The problem – State the number of lines in these records that include the word "район", and add nothing to it.

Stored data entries
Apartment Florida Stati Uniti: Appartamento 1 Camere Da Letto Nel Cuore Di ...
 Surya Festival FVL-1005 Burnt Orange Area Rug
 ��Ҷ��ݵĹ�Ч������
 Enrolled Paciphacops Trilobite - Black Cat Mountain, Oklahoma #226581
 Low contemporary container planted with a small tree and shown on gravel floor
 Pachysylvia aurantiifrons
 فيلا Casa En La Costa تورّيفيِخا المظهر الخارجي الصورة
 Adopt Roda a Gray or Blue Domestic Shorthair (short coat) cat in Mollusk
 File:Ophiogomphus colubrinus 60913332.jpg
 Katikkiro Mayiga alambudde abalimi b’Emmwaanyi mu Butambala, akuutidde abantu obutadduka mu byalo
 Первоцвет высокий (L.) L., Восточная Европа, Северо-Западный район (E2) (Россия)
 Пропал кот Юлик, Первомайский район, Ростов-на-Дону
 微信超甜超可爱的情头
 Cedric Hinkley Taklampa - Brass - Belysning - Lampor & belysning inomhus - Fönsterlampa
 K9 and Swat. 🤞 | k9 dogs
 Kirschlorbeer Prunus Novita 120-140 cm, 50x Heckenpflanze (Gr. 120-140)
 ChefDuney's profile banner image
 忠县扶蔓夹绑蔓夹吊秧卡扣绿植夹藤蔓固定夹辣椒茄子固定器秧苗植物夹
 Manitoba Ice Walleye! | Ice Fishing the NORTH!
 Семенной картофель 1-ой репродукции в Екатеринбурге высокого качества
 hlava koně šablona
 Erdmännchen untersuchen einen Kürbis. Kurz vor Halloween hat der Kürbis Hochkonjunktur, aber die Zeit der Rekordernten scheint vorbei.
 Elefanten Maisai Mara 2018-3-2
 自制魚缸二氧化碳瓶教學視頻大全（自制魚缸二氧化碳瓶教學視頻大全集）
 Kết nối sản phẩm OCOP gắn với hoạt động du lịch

Completed exercise – 2